** Opening Extracted data block **

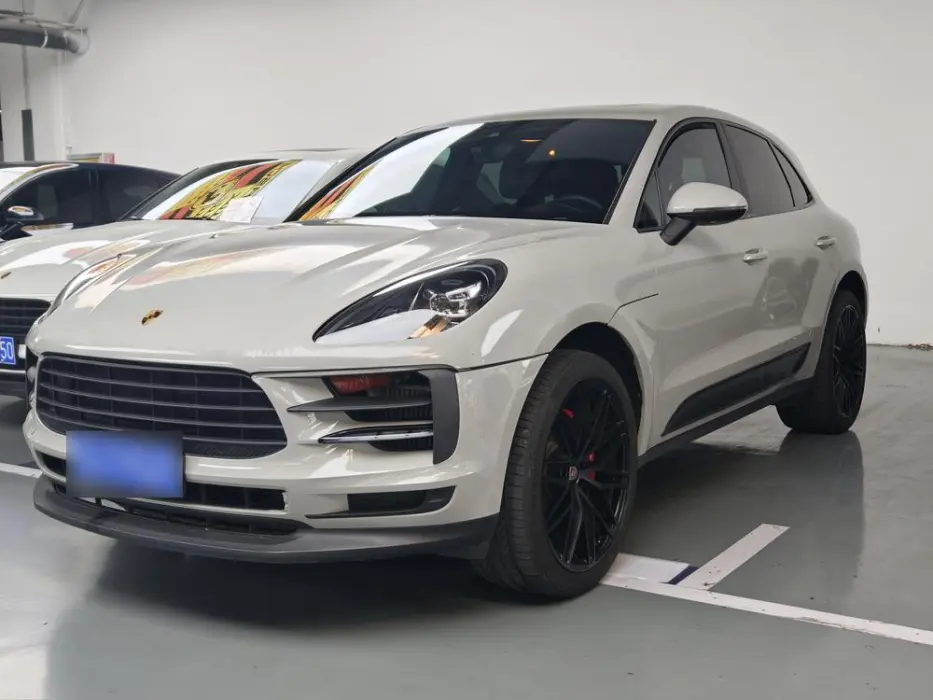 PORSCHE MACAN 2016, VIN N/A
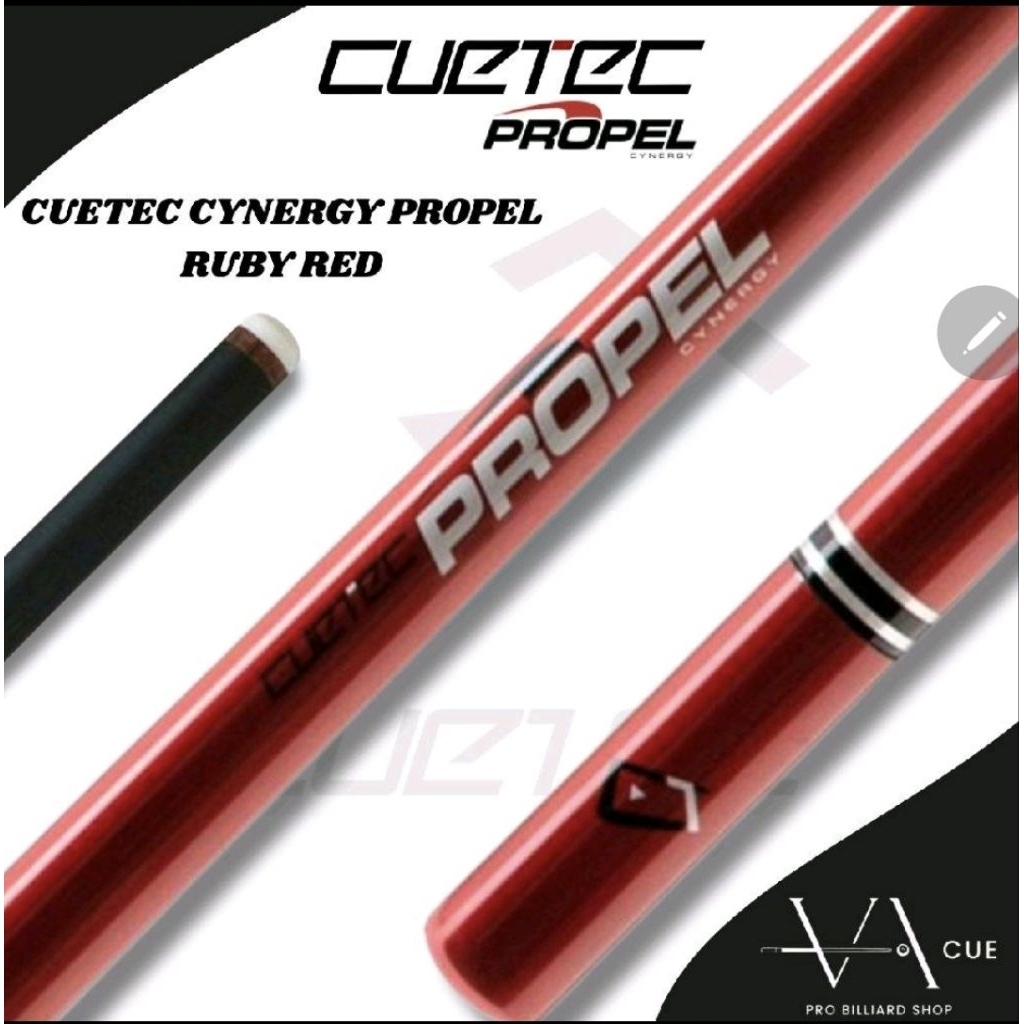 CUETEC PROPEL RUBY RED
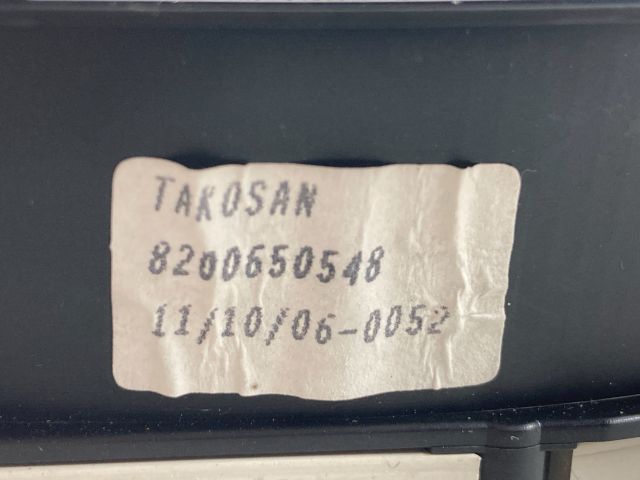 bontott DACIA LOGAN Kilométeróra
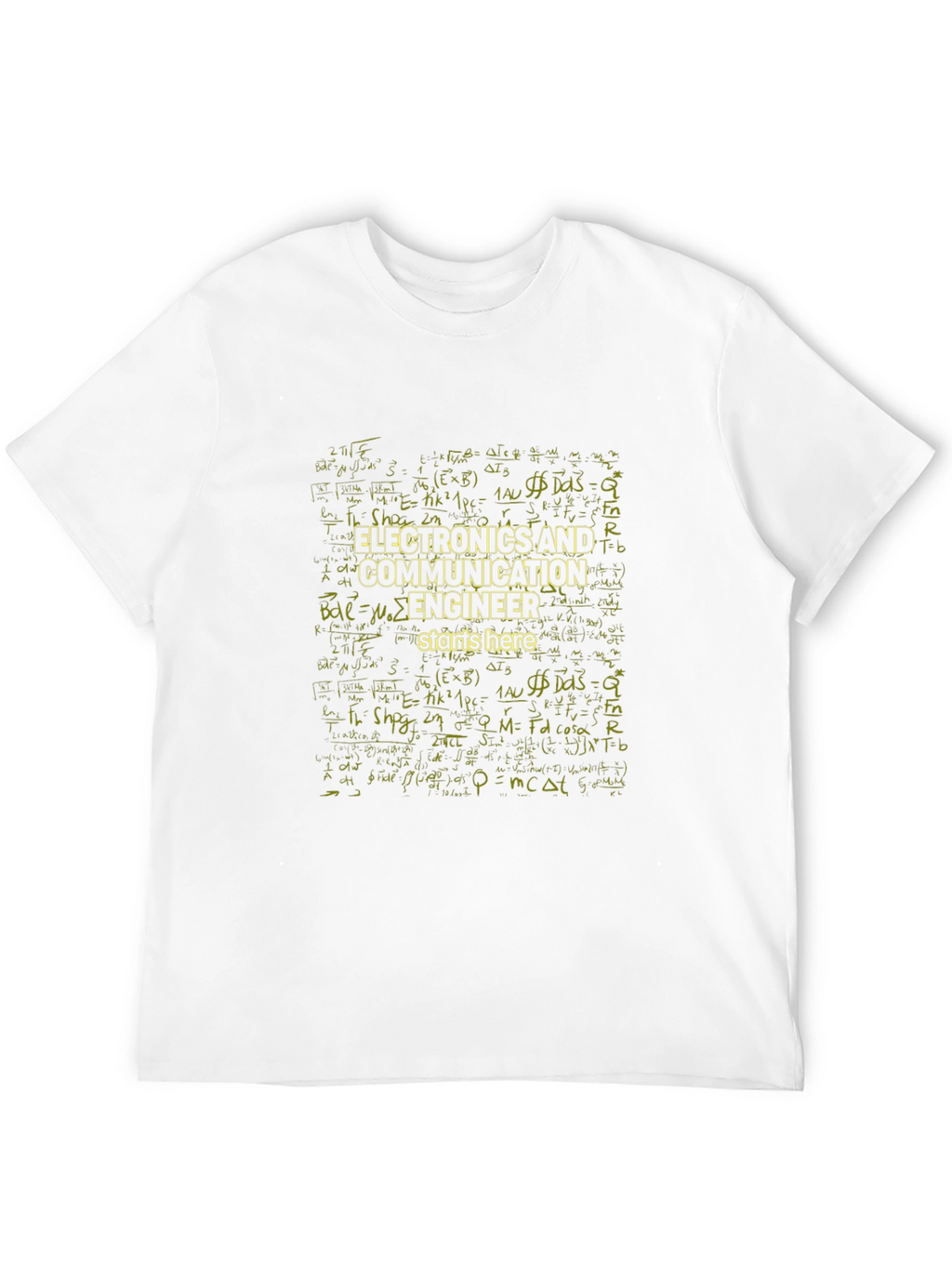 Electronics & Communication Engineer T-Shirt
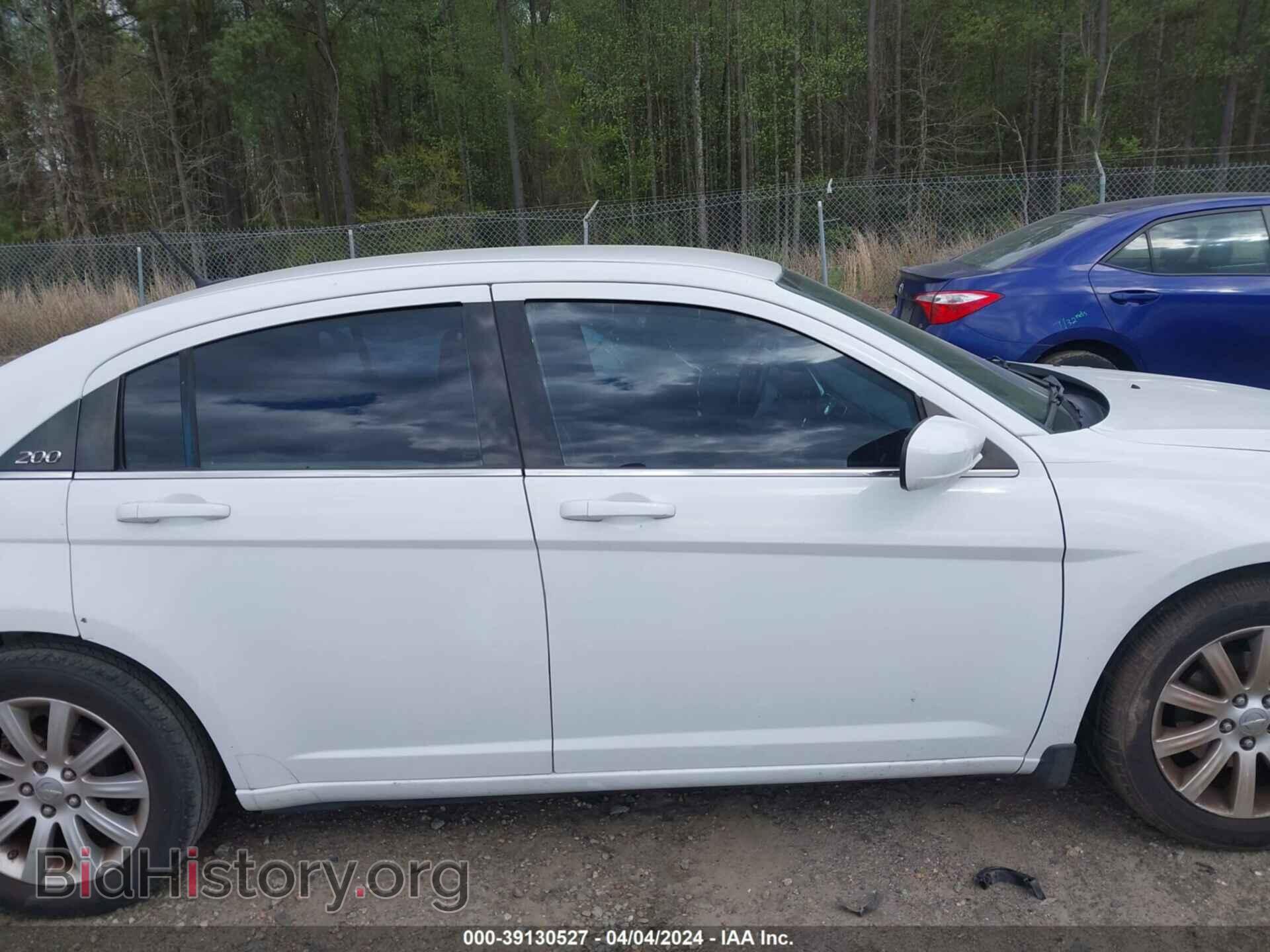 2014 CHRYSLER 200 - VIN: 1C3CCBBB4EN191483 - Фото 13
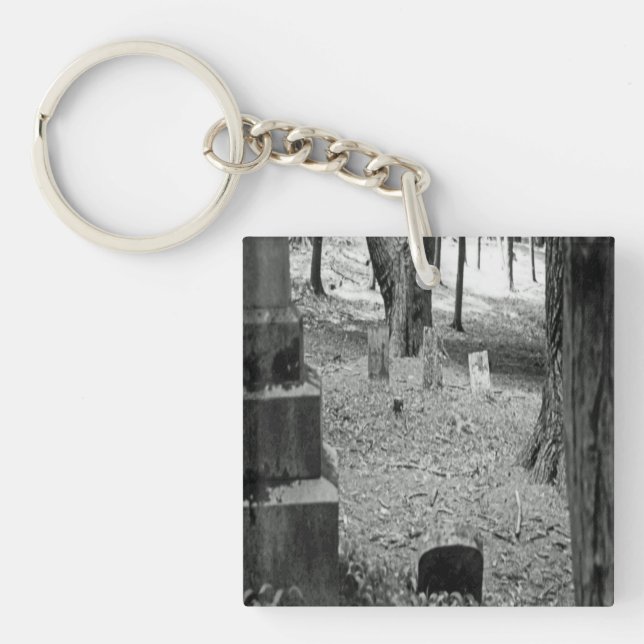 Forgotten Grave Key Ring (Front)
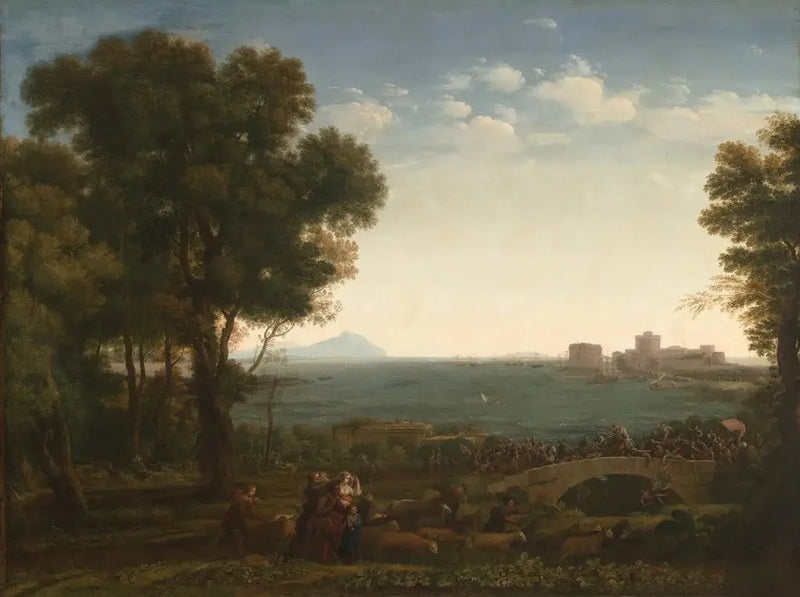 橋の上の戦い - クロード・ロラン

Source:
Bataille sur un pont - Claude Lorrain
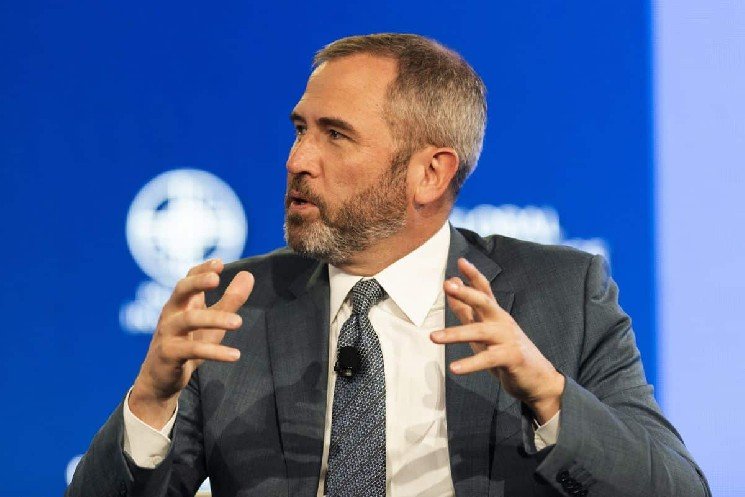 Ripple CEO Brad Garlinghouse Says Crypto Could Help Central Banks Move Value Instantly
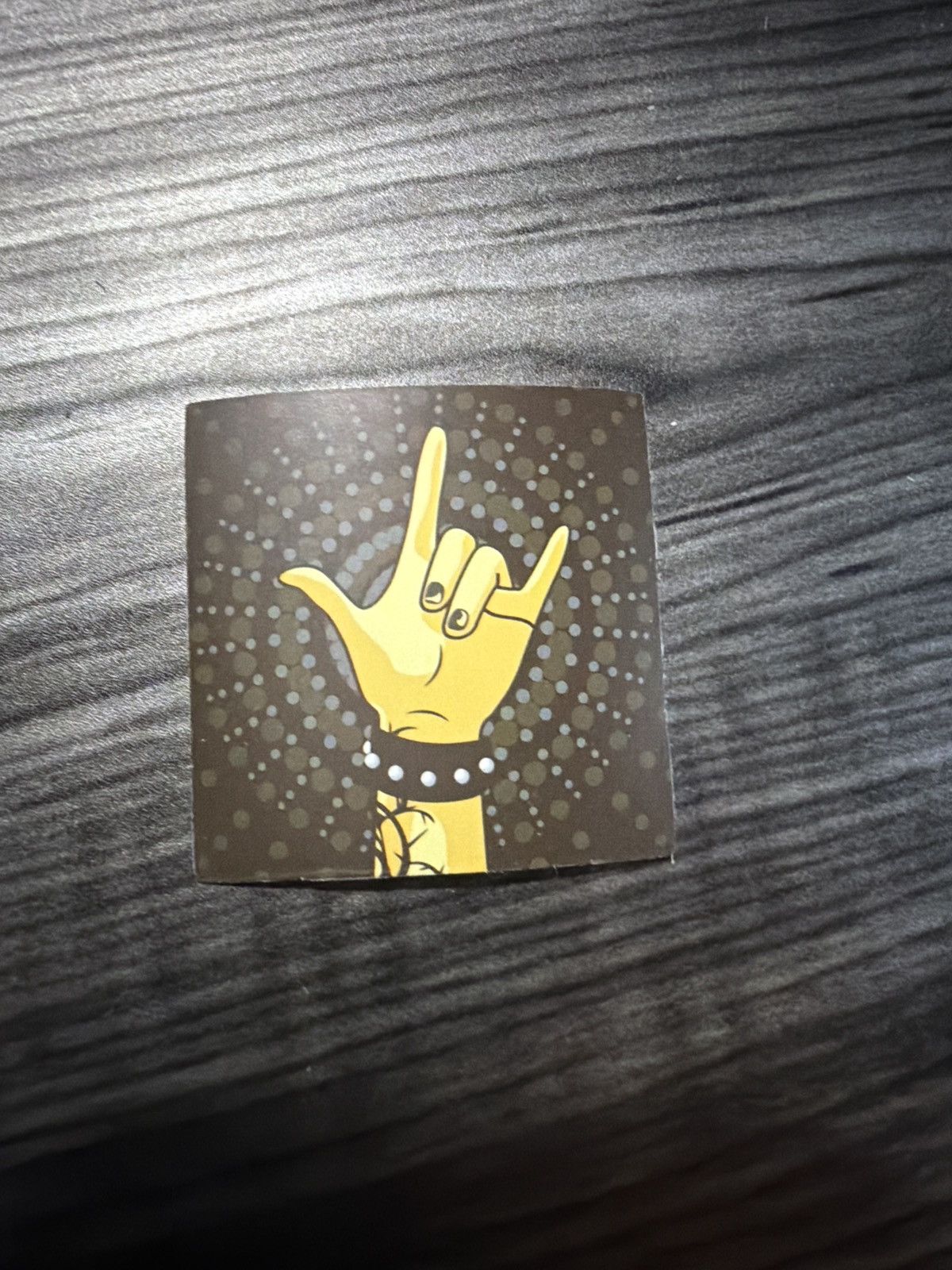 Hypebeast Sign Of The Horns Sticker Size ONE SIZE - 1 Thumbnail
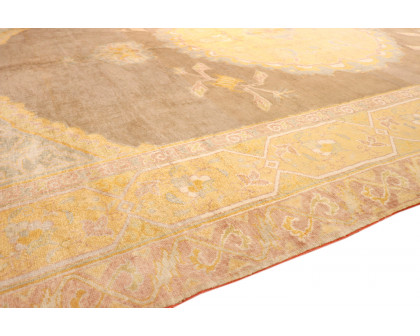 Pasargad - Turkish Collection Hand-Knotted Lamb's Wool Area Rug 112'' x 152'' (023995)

** Closing Extracted data block **

Repeat the records exactly but leave out the images.

 PORSCHE MACAN 2016, VIN N/A
 CUETEC PROPEL RUBY RED
 bontott DACIA LOGAN Kilométeróra
 Electronics & Communication Engineer T-Shirt
 2014 CHRYSLER 200 - VIN: 1C3CCBBB4EN191483 - Фото 13
 Forgotten Grave Key Ring (Front)
 橋の上の戦い - クロード・ロラン

Source:
Bataille sur un pont - Claude Lorrain
 Ripple CEO Brad Garlinghouse Says Crypto Could Help Central Banks Move Value Instantly
 Hypebeast Sign Of The Horns Sticker Size ONE SIZE - 1 Thumbnail
 Pasargad - Turkish Collection Hand-Knotted Lamb's Wool Area Rug 112'' x 152'' (023995)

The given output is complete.